The main elements of the draft Bill are:

  • Establishing a new statutory regulator, the Audit, Reporting and Governance Authority (‘ARGA’), to protect and promote the interests of investors, other users of corporate reporting and the wider public interest.
  • Providing new measures to open up the audit market to competition, including managed shared audits in which challenger firms undertake a share of the work on large-scale audits. It is intended this will improve the quality and usefulness of audit; and boost resilience, competition, and choice in the audit market.
  • Bringing the largest private companies in scope of regulation by the new ARGA by amending the definition of ‘public interest entities’ (‘PIEs’), recognising the public interest in companies of this size. This will likely require additional corporate governance measures, additional disclosures in annual reports and enhanced requirements relating to audit.
  • Giving the new regulator effective powers to enforce directors’ financial reporting duties, to supervise corporate reporting, and to oversee and regulate the accountancy and actuarial professions.
    • Proposals regarding corporate reporting set out in the White Paper included a possible directors statement on internal control (similar to the Sarbanes-Oxley requirements in the USA); the requirement for both a new annual Resilience Statement (setting out how directors are assessing the company’s prospects and addressing challenges to its business model over the short, medium and long-term) and an Audit and Assurance Policy; giving ARGA greater powers to require changes to company reports and accounts without a court order; and increased transparency for corporate reporting reviews, and extending review to the whole of the annual report and accounts. We have commented on these matters in further detail in our recent briefing which looks at financial reporting reforms. However, the direction of travel appears to be that the proposals as set out in the White Paper will be rowed back so as not to overburden business with excessive regulation.
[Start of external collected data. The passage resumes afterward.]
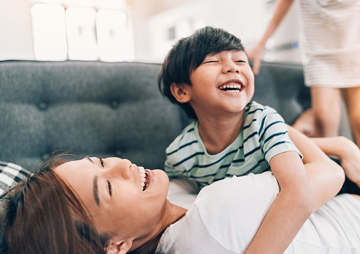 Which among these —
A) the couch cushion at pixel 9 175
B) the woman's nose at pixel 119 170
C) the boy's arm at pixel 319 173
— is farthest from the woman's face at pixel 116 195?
the boy's arm at pixel 319 173

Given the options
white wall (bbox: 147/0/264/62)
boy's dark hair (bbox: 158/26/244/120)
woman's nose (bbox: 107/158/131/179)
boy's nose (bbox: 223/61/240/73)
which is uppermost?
white wall (bbox: 147/0/264/62)

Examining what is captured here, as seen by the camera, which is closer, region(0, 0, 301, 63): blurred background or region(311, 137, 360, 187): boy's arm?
region(311, 137, 360, 187): boy's arm

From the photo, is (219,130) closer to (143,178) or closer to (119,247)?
(143,178)

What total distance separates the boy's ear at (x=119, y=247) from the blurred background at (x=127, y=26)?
7.78 feet

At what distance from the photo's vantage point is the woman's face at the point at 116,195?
572 mm

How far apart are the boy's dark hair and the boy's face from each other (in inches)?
0.6

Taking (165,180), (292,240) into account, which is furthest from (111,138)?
(292,240)

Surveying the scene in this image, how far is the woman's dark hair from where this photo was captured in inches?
19.5

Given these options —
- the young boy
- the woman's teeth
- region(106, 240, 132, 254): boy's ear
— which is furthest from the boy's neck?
Result: region(106, 240, 132, 254): boy's ear

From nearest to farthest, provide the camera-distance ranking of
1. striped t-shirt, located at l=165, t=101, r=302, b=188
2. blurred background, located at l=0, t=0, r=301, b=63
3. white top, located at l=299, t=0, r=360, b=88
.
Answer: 1. striped t-shirt, located at l=165, t=101, r=302, b=188
2. white top, located at l=299, t=0, r=360, b=88
3. blurred background, located at l=0, t=0, r=301, b=63

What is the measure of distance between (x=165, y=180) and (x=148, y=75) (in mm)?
562

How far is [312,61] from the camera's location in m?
1.19

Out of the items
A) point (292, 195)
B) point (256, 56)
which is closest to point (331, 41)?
point (256, 56)

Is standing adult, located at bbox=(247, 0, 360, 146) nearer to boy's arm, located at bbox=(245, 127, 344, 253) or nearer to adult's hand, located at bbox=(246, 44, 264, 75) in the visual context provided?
adult's hand, located at bbox=(246, 44, 264, 75) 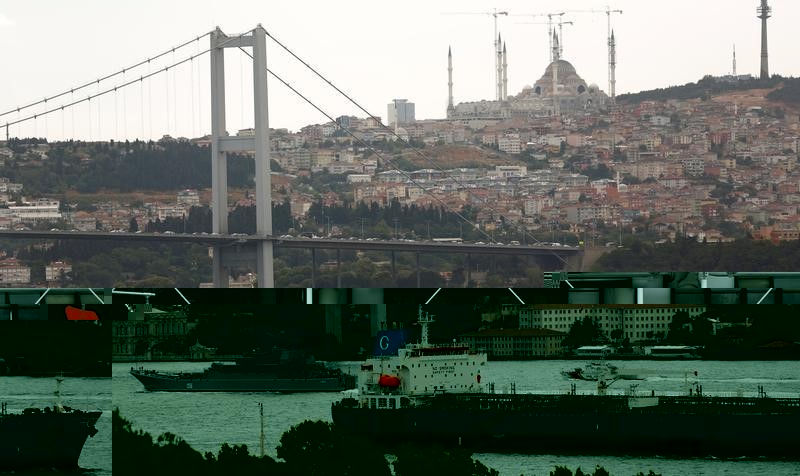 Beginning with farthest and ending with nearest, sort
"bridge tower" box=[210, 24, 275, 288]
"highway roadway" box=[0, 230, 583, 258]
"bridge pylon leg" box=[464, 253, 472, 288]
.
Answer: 1. "bridge pylon leg" box=[464, 253, 472, 288]
2. "bridge tower" box=[210, 24, 275, 288]
3. "highway roadway" box=[0, 230, 583, 258]

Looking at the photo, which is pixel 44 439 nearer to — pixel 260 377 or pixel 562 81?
pixel 260 377

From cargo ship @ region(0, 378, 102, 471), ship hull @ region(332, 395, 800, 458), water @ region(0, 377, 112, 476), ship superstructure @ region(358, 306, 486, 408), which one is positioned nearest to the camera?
ship hull @ region(332, 395, 800, 458)

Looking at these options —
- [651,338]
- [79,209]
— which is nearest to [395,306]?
[651,338]

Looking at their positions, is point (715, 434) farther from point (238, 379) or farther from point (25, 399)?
point (25, 399)

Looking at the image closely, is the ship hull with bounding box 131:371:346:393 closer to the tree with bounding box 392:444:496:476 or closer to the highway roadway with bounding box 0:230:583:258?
the tree with bounding box 392:444:496:476

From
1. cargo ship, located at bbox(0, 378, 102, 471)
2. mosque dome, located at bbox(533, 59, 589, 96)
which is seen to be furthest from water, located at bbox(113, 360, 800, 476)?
mosque dome, located at bbox(533, 59, 589, 96)

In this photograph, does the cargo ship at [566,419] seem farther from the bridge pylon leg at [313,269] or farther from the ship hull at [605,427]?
the bridge pylon leg at [313,269] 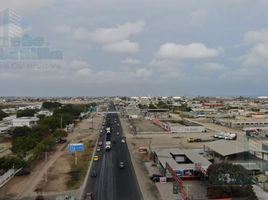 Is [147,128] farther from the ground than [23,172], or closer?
farther from the ground

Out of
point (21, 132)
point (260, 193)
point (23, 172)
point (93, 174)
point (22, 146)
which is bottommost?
point (23, 172)

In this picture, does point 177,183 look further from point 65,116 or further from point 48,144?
point 65,116

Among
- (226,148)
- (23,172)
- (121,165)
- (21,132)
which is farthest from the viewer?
(21,132)

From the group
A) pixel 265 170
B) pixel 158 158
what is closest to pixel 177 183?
pixel 158 158

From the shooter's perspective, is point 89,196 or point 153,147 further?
point 153,147

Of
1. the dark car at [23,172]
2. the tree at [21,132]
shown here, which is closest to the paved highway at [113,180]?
the dark car at [23,172]

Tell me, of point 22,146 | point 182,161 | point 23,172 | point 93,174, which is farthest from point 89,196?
point 22,146

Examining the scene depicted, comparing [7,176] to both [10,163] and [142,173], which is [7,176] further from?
[142,173]

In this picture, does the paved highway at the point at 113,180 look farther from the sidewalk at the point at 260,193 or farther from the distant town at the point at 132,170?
the sidewalk at the point at 260,193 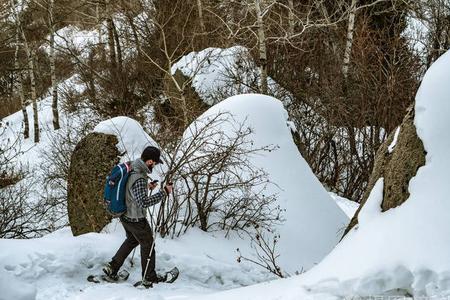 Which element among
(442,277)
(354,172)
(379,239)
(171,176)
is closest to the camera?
(442,277)

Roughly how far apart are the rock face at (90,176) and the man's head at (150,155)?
262 cm

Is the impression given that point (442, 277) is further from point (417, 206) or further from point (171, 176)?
point (171, 176)

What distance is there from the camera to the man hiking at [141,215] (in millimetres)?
5512

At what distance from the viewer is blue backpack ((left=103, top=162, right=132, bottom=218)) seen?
18.1ft

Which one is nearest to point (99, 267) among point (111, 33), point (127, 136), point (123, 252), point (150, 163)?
point (123, 252)

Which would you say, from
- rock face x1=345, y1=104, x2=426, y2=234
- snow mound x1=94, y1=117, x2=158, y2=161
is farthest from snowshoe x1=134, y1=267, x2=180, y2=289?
rock face x1=345, y1=104, x2=426, y2=234

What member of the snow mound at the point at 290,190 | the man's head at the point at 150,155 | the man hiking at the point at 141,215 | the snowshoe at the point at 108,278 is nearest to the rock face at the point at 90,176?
the snow mound at the point at 290,190

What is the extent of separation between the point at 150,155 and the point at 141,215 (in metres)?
0.70

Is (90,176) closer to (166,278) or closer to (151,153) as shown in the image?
(166,278)

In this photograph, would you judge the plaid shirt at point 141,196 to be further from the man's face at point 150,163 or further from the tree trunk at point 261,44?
the tree trunk at point 261,44

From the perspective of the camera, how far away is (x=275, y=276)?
6.92 m

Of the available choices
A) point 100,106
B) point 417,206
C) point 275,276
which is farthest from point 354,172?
point 417,206

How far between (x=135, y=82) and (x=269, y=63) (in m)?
4.92

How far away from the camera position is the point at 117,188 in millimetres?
5539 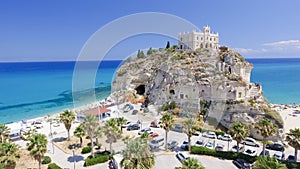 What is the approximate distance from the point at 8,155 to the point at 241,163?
19930 mm

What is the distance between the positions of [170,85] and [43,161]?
25.6m

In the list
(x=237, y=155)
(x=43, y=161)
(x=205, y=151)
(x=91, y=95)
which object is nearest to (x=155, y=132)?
(x=205, y=151)

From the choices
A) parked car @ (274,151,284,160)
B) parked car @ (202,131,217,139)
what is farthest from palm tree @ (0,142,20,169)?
parked car @ (274,151,284,160)

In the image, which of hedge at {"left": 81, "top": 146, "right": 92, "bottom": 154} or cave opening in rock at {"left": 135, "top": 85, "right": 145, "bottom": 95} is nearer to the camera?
hedge at {"left": 81, "top": 146, "right": 92, "bottom": 154}

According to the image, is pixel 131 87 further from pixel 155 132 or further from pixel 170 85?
pixel 155 132

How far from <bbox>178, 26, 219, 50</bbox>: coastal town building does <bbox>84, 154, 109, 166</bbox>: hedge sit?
37189mm

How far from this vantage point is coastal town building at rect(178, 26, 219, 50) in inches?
1991

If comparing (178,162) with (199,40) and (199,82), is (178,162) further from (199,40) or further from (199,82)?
(199,40)

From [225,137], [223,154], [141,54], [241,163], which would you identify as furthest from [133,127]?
[141,54]

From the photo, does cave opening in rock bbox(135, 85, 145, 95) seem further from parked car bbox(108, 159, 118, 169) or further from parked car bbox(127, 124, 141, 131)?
parked car bbox(108, 159, 118, 169)

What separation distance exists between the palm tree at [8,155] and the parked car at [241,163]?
62.4ft

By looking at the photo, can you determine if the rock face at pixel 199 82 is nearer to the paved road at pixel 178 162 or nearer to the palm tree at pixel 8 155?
the paved road at pixel 178 162

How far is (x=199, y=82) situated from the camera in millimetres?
37000

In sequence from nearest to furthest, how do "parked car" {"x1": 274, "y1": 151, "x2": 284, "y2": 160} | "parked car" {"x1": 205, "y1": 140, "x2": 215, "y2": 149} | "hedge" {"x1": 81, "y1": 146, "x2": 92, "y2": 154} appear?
"parked car" {"x1": 274, "y1": 151, "x2": 284, "y2": 160}, "hedge" {"x1": 81, "y1": 146, "x2": 92, "y2": 154}, "parked car" {"x1": 205, "y1": 140, "x2": 215, "y2": 149} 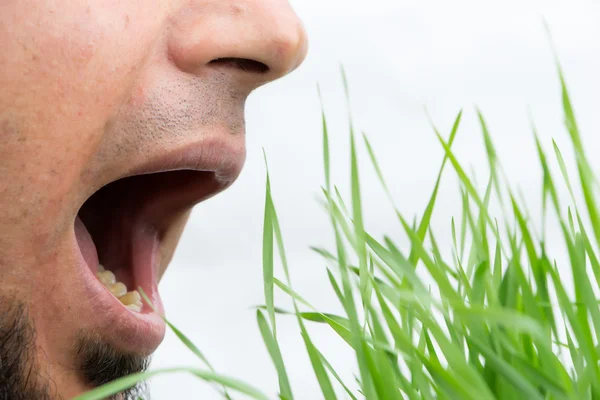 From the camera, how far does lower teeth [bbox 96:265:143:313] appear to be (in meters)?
1.04

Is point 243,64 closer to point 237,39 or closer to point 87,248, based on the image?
point 237,39

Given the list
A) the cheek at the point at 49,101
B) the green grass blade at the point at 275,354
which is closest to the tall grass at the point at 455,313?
the green grass blade at the point at 275,354

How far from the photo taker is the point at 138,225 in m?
1.09

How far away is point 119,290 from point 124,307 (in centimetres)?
8

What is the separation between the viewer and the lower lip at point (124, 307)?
92 centimetres

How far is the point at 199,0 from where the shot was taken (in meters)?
0.91

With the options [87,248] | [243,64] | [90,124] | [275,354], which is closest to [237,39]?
[243,64]

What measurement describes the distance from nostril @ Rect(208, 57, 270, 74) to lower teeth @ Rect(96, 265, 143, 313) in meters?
0.30

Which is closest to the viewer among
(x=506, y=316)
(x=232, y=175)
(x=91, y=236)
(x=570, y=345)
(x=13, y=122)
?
(x=506, y=316)

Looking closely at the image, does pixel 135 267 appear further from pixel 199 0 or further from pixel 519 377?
pixel 519 377

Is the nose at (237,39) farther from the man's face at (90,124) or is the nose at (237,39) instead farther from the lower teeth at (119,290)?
the lower teeth at (119,290)

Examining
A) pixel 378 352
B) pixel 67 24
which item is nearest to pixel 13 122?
pixel 67 24

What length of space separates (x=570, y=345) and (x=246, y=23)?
0.54 metres

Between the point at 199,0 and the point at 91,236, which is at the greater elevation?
the point at 199,0
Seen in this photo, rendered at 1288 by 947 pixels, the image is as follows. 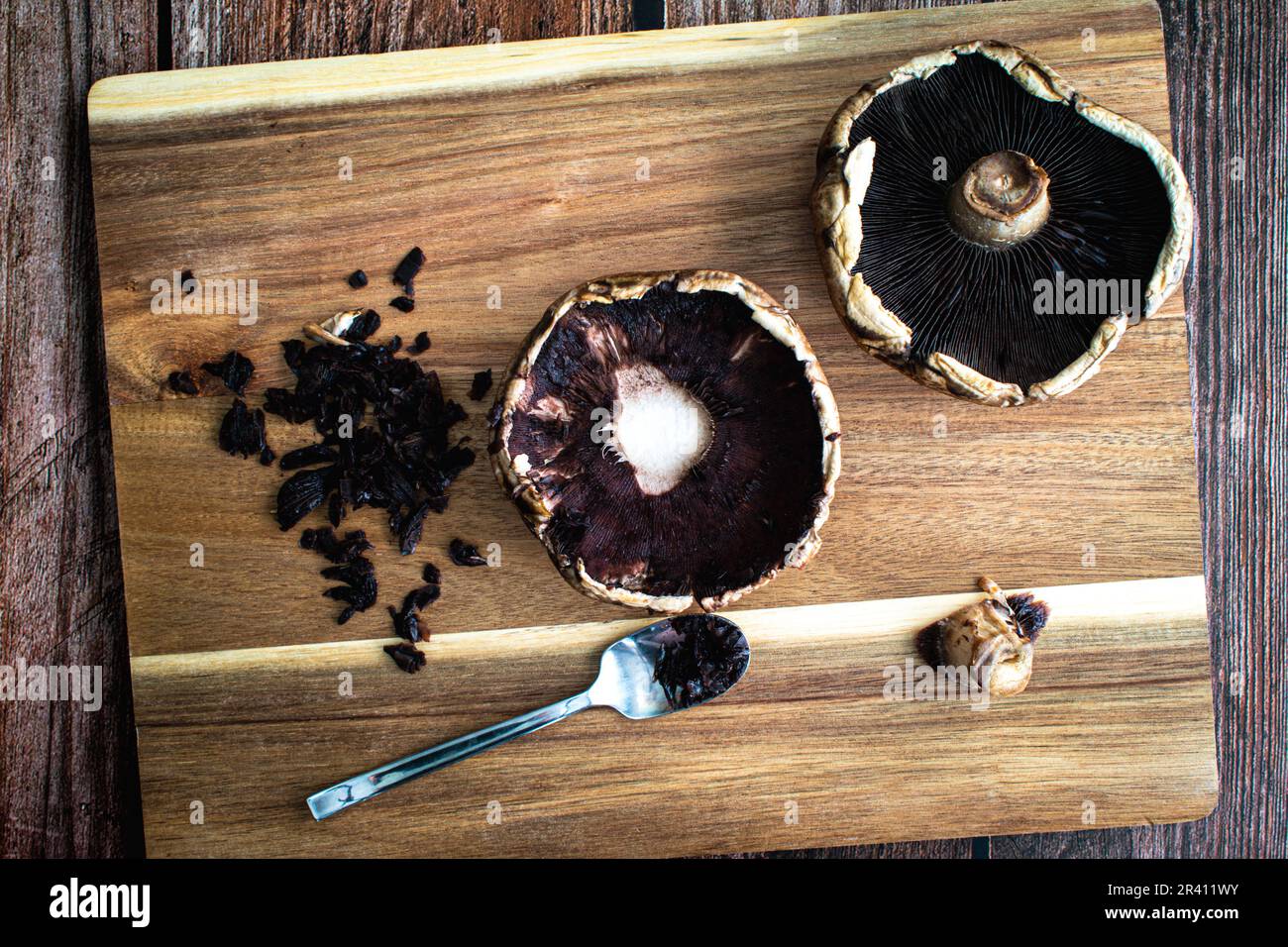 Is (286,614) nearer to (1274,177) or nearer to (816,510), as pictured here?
(816,510)

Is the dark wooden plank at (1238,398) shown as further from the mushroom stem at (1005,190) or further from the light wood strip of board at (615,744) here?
the mushroom stem at (1005,190)

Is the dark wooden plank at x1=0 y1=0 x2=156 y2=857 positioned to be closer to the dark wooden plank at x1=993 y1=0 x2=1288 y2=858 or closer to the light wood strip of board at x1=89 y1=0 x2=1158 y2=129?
the light wood strip of board at x1=89 y1=0 x2=1158 y2=129

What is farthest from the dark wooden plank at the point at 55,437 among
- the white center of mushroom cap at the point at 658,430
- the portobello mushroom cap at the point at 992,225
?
the portobello mushroom cap at the point at 992,225

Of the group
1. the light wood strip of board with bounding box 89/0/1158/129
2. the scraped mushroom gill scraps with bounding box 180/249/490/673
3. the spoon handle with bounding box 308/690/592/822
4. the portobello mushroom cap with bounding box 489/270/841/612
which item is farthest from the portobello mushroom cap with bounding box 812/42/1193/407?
the spoon handle with bounding box 308/690/592/822

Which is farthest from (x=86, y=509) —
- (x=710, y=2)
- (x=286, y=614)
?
(x=710, y=2)

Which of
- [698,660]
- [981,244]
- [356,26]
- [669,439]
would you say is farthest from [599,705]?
[356,26]

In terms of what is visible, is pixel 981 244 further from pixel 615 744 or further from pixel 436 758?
pixel 436 758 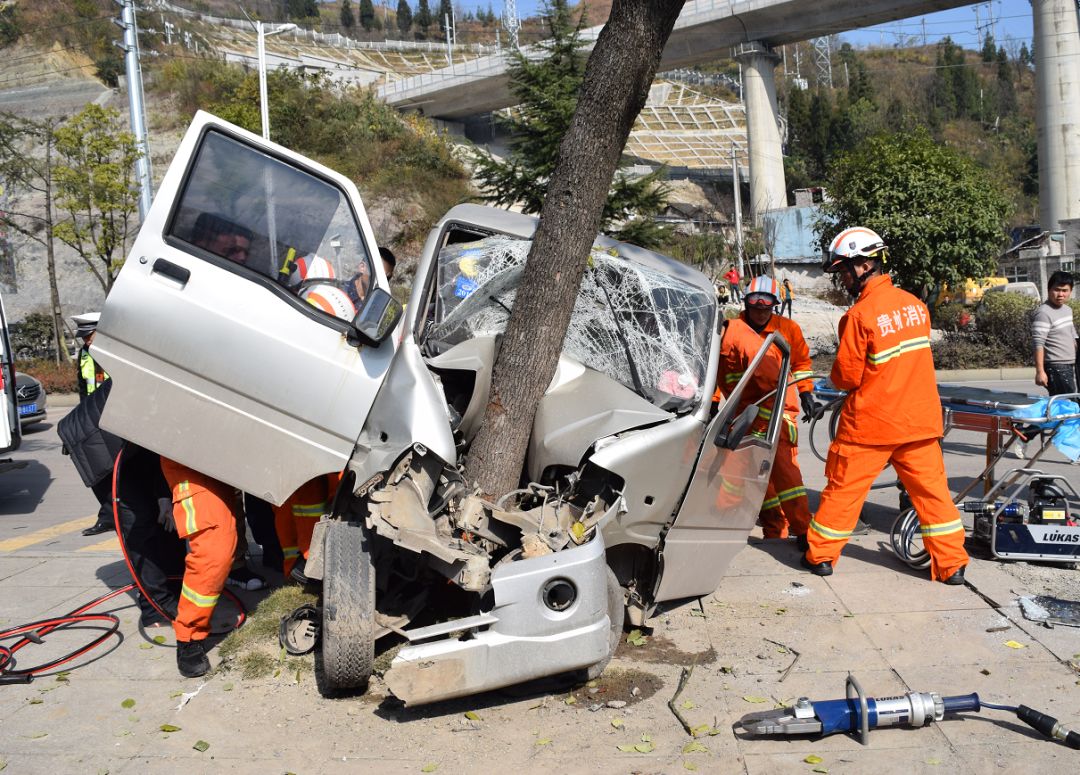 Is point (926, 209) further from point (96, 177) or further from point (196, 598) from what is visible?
point (196, 598)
  • Reforming the regulation of Insolvency Practitioners with the stated aim of giving greater confidence to creditors and strengthening corporate governance of firms in or approaching insolvency so that ‘asset stripping’ can be more effectively tackled.

There is a lack of detail at the moment as to exactly which of the measures set out in the White Paper will be brought forward in the draft Bill, and how some of the stated objectives of the Bill as outlined above will be implemented. It is clear that the establishment of ARGA to replace the Financial Reporting Council will go ahead, and that the Government intends to enhance directors’ financial reporting duties in some form and proceed with the proposals for managed shared audits. Press coverage had speculated that the draft Audit Reform Bill had been dropped from the legislative agenda in its entirety. In fact, it has been put forward as draft legislation, meaning it will be issued for consultation before being formally introduced to Parliament. This is likely to delay implementation until 2024. We can expect the Government to publish its response to the original White Paper ‘shortly’. This should provide more detail of exactly what the Government intends and what the impact of these measures will be.